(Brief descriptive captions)

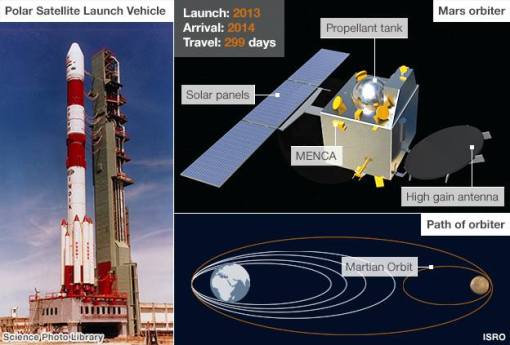 Mangalyaan: India's race for space suc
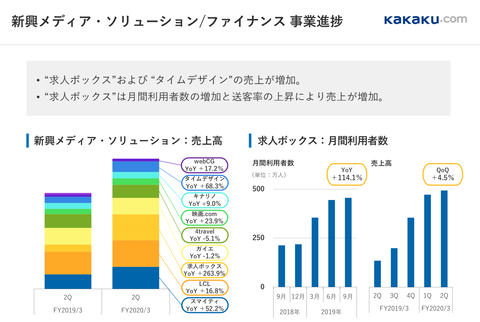スクリーンショット 2019-11-08 8.30.26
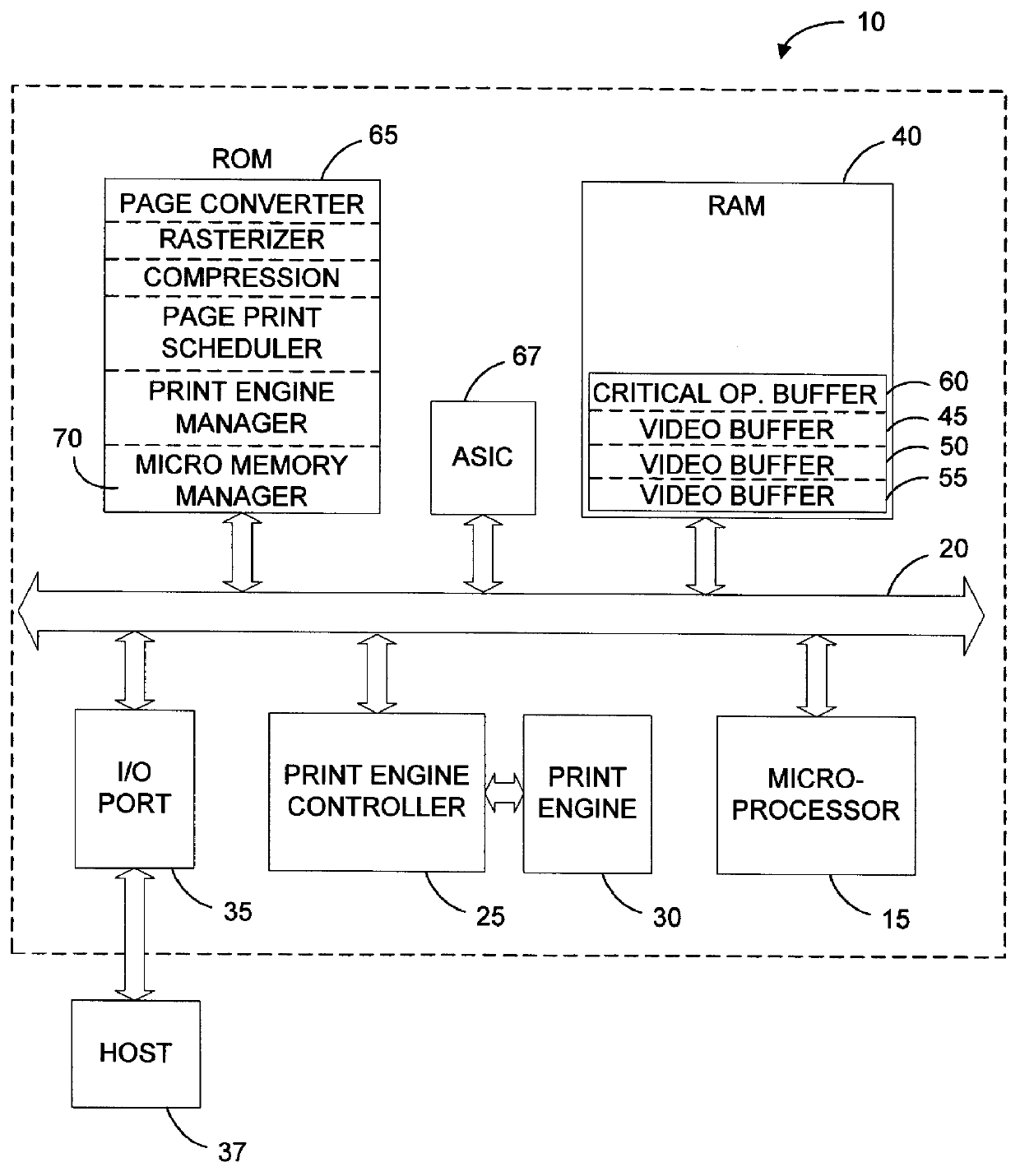 Freeing memory in a page printer during punt protection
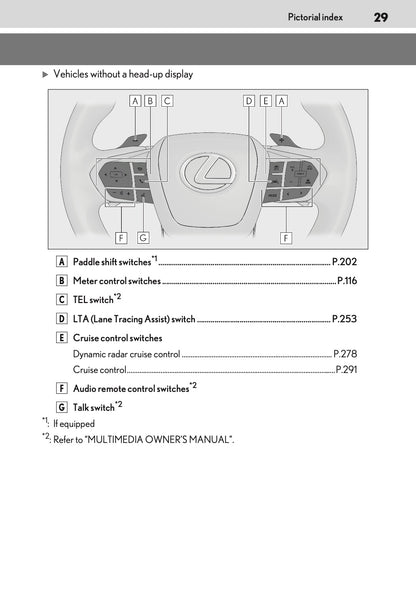 2025-2026 Lexus LBX Owner's Manual | English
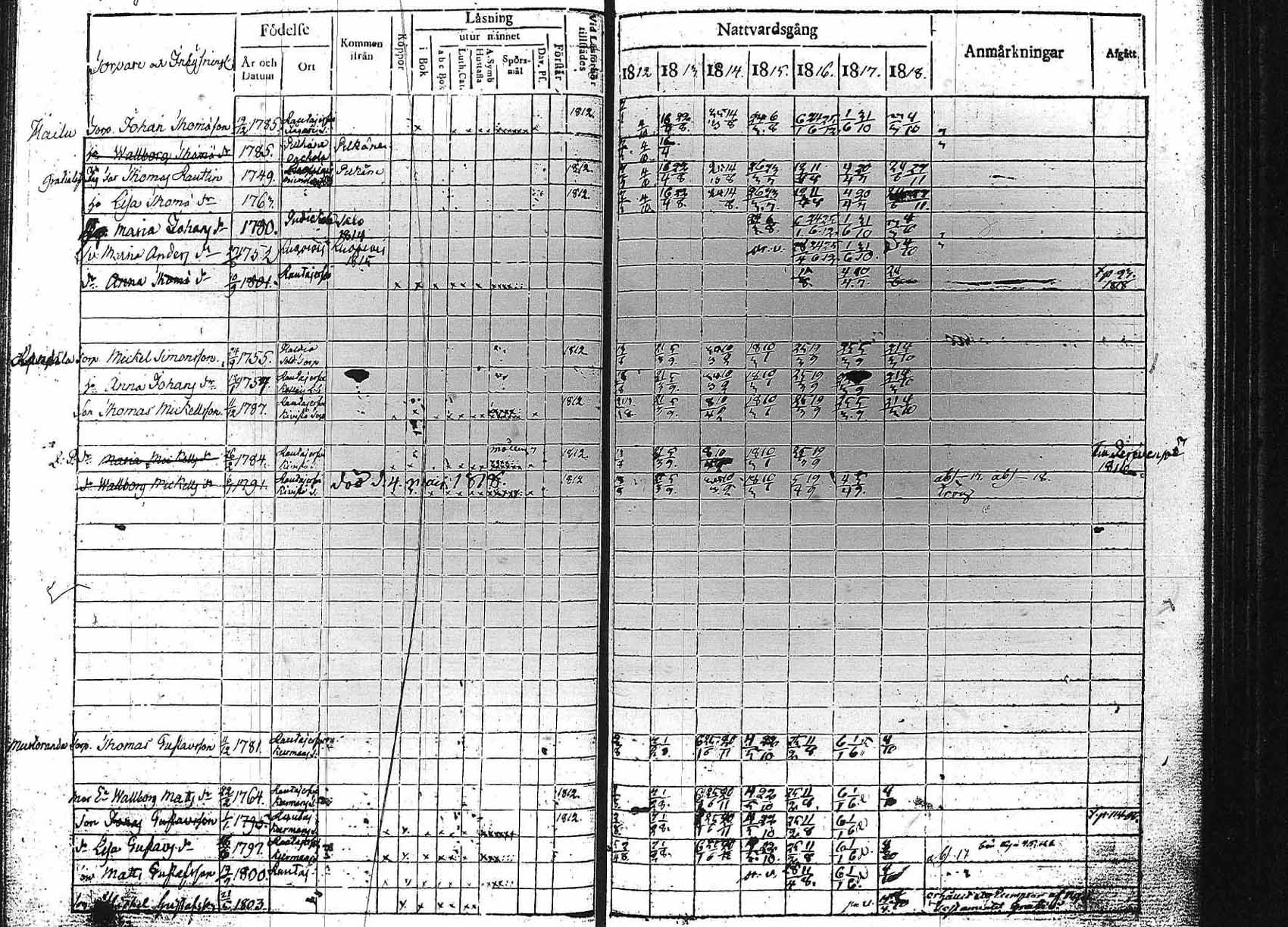 [ ../kirjat/Kirkonkirjat/luopioinen/rippikirja_1812-1818_tk474/kuvat/74.jpg ]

* **WHAT YOU NEED TO DO**:
Verbatim reproduction of every entry is needed, with the images left out.

* **ANSWER TO THE PROBLEM**:
 Mangalyaan: India's race for space suc
スクリーンショット 2019-11-08 8.30.26
 Freeing memory in a page printer during punt protection
 2025-2026 Lexus LBX Owner's Manual | English
 [ ../kirjat/Kirkonkirjat/luopioinen/rippikirja_1812-1818_tk474/kuvat/74.jpg ]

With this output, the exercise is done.